英語表記:surface plasmon

 金属や半導体の薄膜に電子や光を照射すると,自由電子(金属)や伝導電子(半導体)の様々な励起状態を生じる。バルク中で伝導電子の負の電荷は,原子から伝導電子を取リ除いた部分(イオン核)の正の電荷と同密度存在し,正負の電荷はつり合っている。このような正負の電荷の少なくとも一方が動くことができる物質をプラズマと呼ぶ。プラズマが光や電子の刺激により,ある振動数(エネルギー)と波数ベクトルで記述される波として振動する現象をプラズマ振動と呼ぶ。特に,波数ベクトルの絶対値(波数)が0に近い時,縦波のプラズマ振動は,薄いバルク結晶において電子がいっせいに一様に変位する現象(電子の集団励起)と,その変位した電子とイオン核の静電力が復元力となった単振動現象として理解できる。その振動を量子化したものがプラズモンである。バルク中を通過する電子は,プラズモンを励起してプラズモンのエネルギーに等しいエネルギーを失う。
 表面に局在するプラズモンを表面プラズモンと呼ぶ。表面プラズモンのエネルギーは,表面での電磁気学的な境界条件により決定され,バルク中のプラズモンエネルギーの1/√2で与えられる。
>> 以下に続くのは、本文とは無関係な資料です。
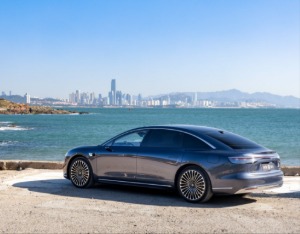 从BBA到SBBA：享界掀起豪华车价值革命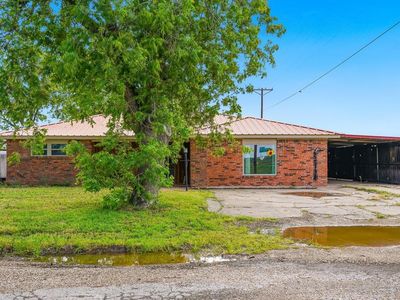 1435 Bandera Dr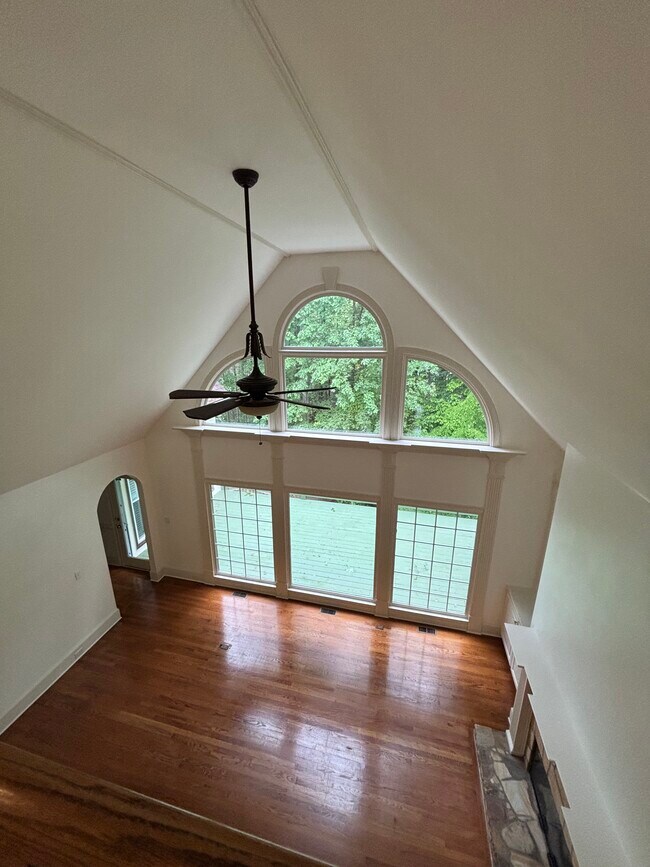 Building Photo - 10615 Honey Brook Cir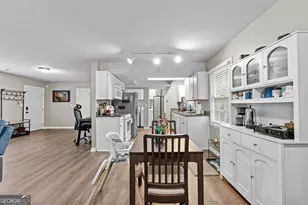 859 King Dr SE, Conyers, GA 30094 - Photo 13
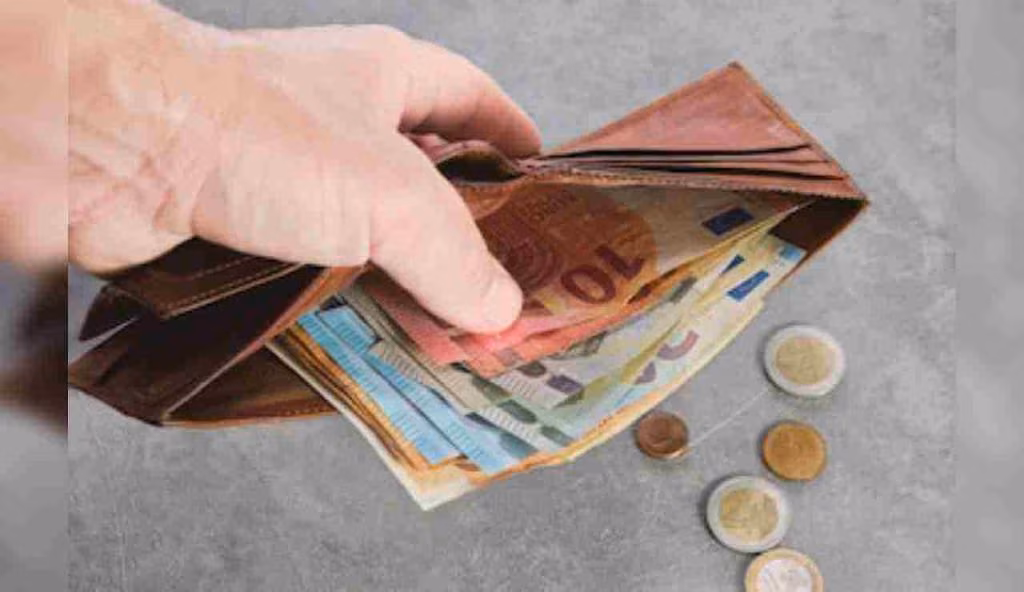 PENSIONI BLOCCATE | Ti fanno lavorare 40 anni e alla fine ti dicono che non ti spetta nulla: queste le categorie nel mirino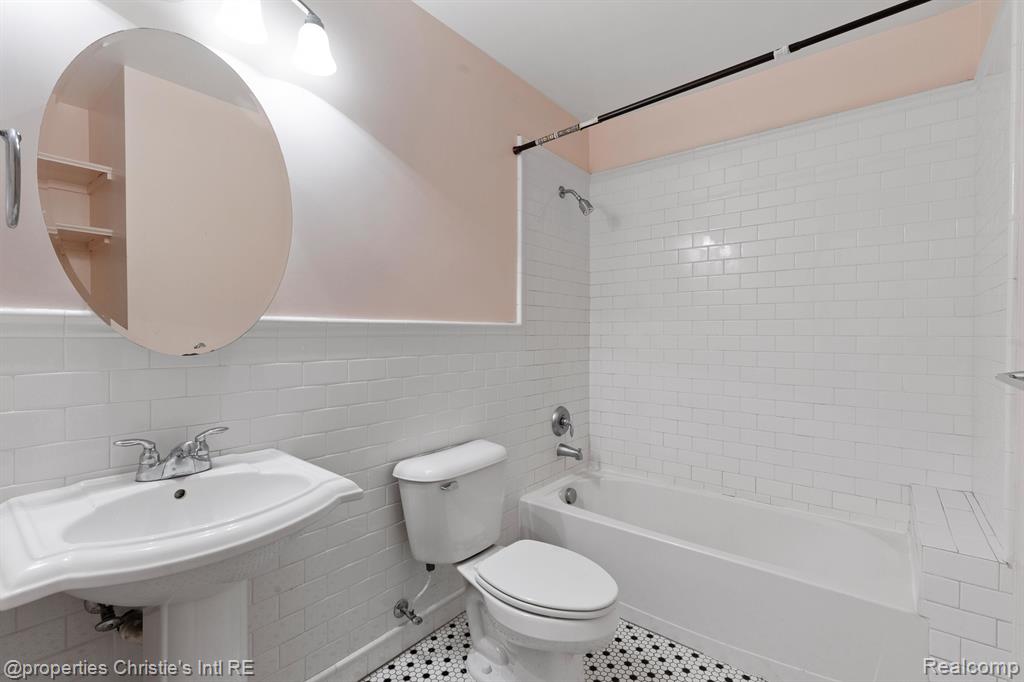 5766 Trumbull, Unit 110 Detroit, MI 48208 - Photo 15 of 22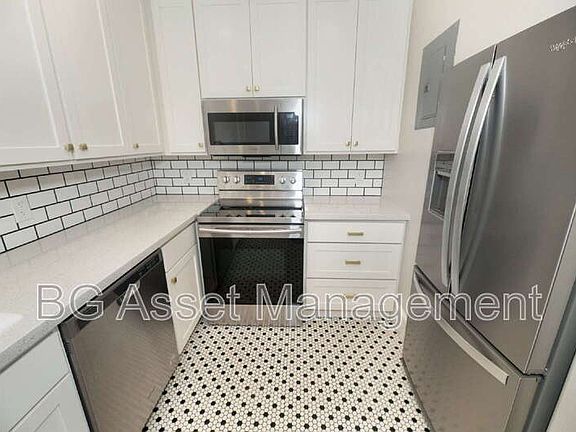 2nd image of 639A Carolina St
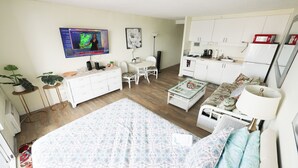 Unclassified image, 3 of 11, button - 1610 🌸 free parking 🚙🅿️, fast WIFI💻 (Honolulu)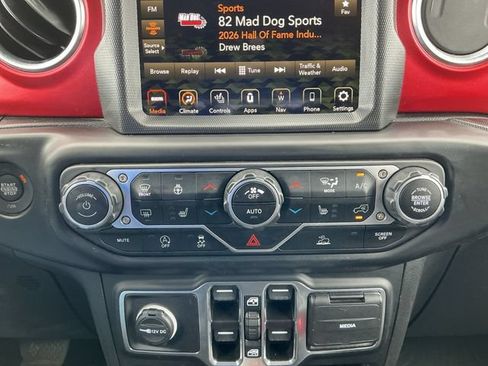 Used 2023 Jeep Gladiator Rubicon w/ Cold Weather Group AWD/4WD image 17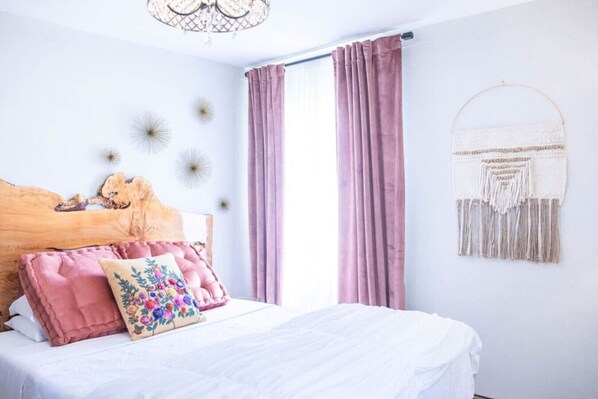 1 bedroom, desk, iron/ironing board, free WiFi - Minutes from OSU Stadium | Walkable | Quiet Area (Columbus)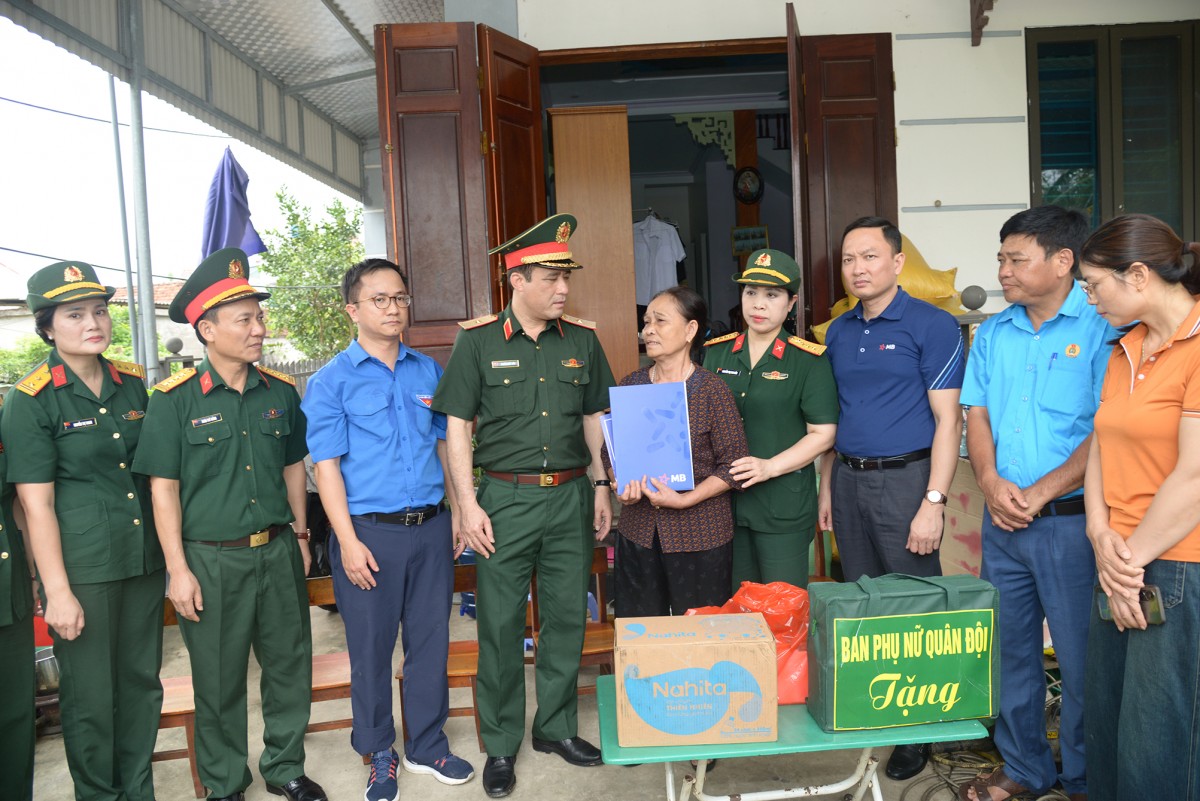 Thăm, tặng quà cho người dân bị thiệt hại do mưa bão trên địa bàn huyện Mỹ Đức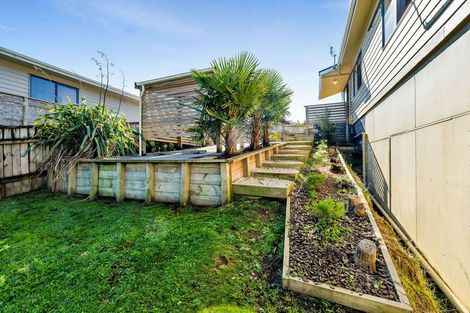 Photo of property in 19 Chartwell Drive, Eltham, 4322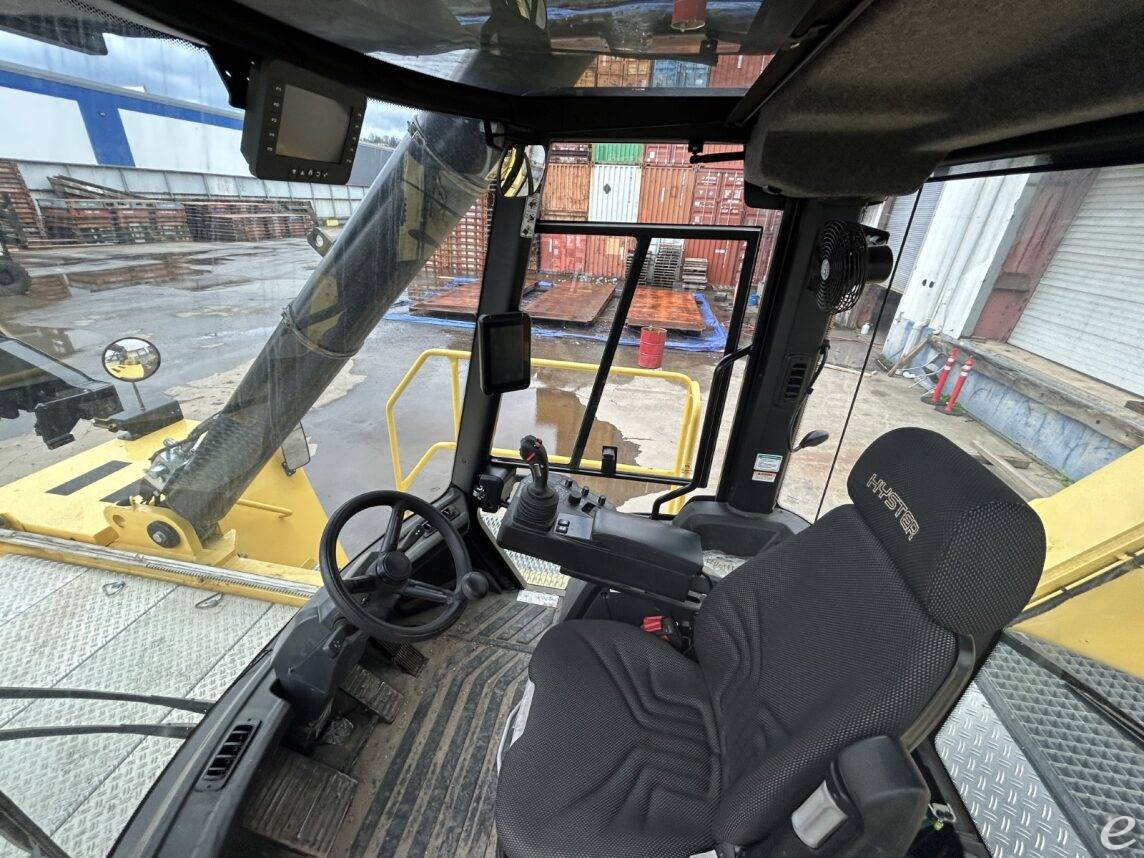 2023 Hyster RS46-33 Reachstacker Container Handler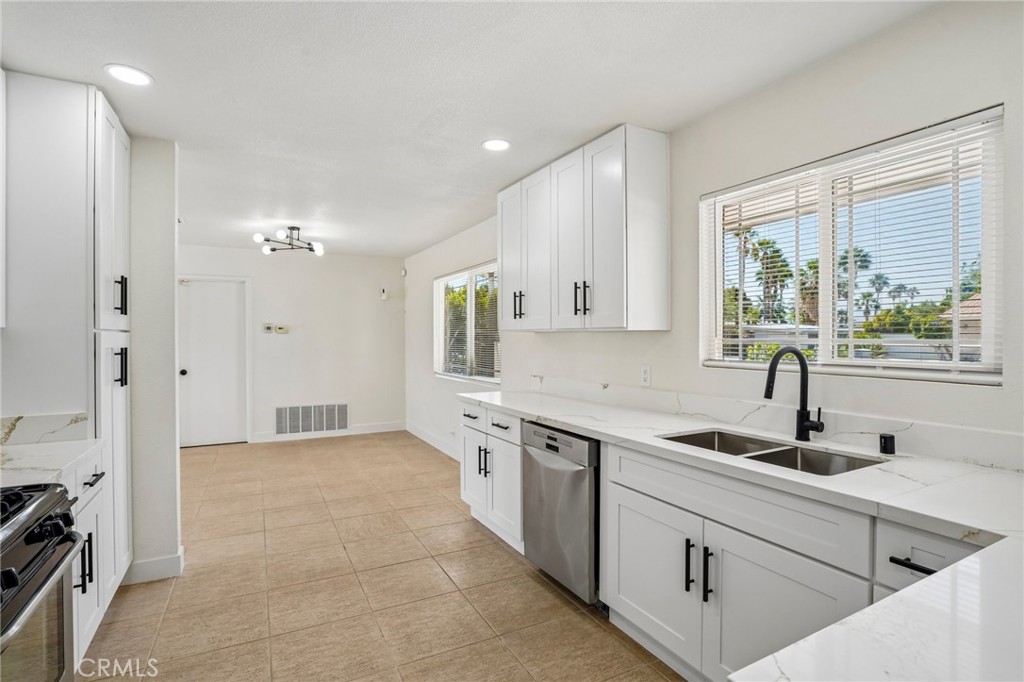 2804 E Valencia Property Photo 14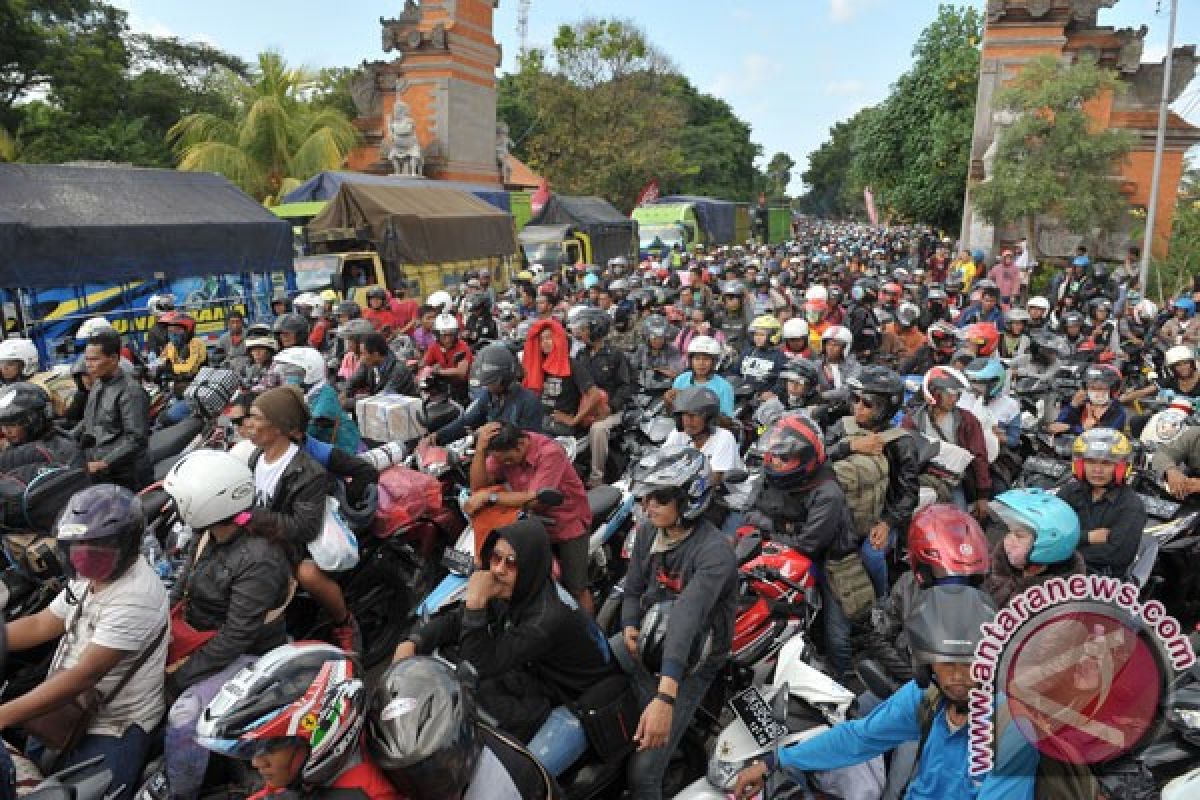 Pemudik di Pelabuhan Kayangan naik 100 persen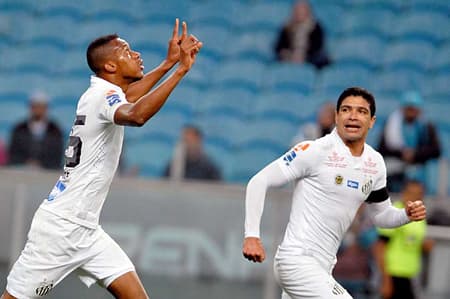 Copete estreou contra o Grêmio e balançando as redes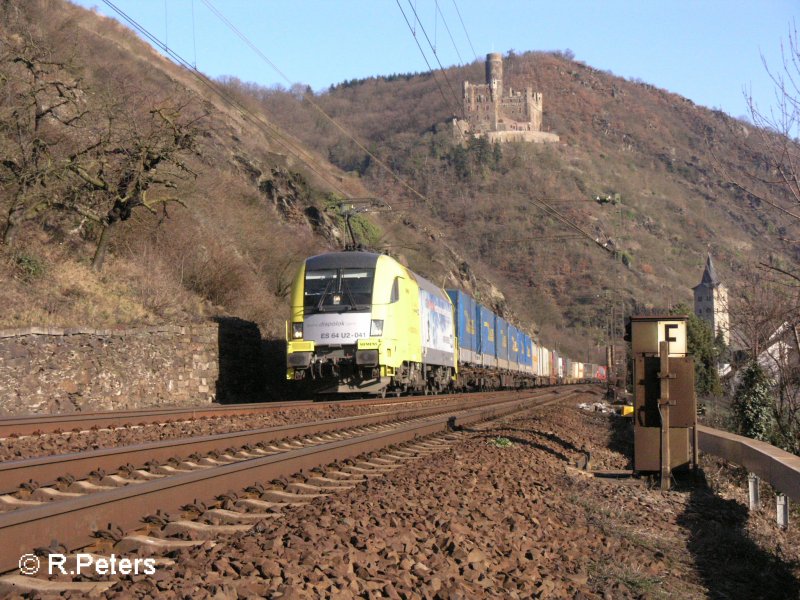 ES64 U2-041 (KNORR-Werbung) zieht bei Wellmich ein LKW-Walter Zug. 12.02.08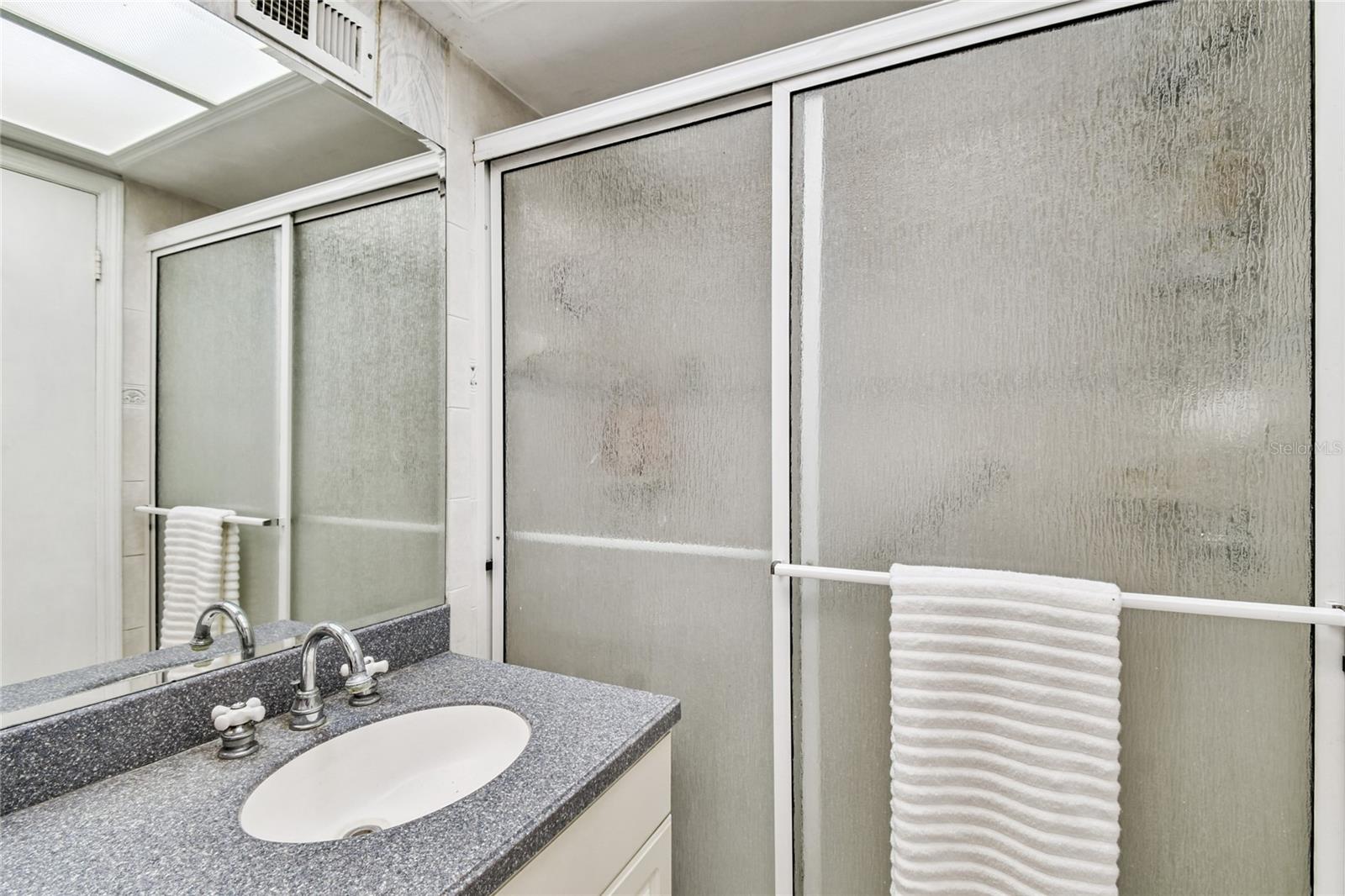BAY CREST PARK UNIT 21 - Residential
表面プラズモンにづいても,表面電子構造や表面フォノンのように,振動数(エネルギー)と二次元波数ベクトルとの関係(分散関係)を図で表わすことができる。波数の小さい領域で,表面プラズモンの分散を表わす曲線の傾き(単に分散と呼ぶことがある)の正負は,表面での電荷の相対的な位置に依存していて,電荷が表面より外側に存在すれば分散は負になる。
 物質に入射した光は,フォノン,不純物,プラズモンなどにより散乱を受け,入射光と異なる波数の光として観測される(ラマン散乱)。その光強度を波数の差に対して表わした図をラマンスペクトルと呼び,その波数の差をラマンジフトという。GaAsでは,不純物の量がある程度多いと,フォノンとプラズモンが結合したモードのラマンスペクトルが観察される。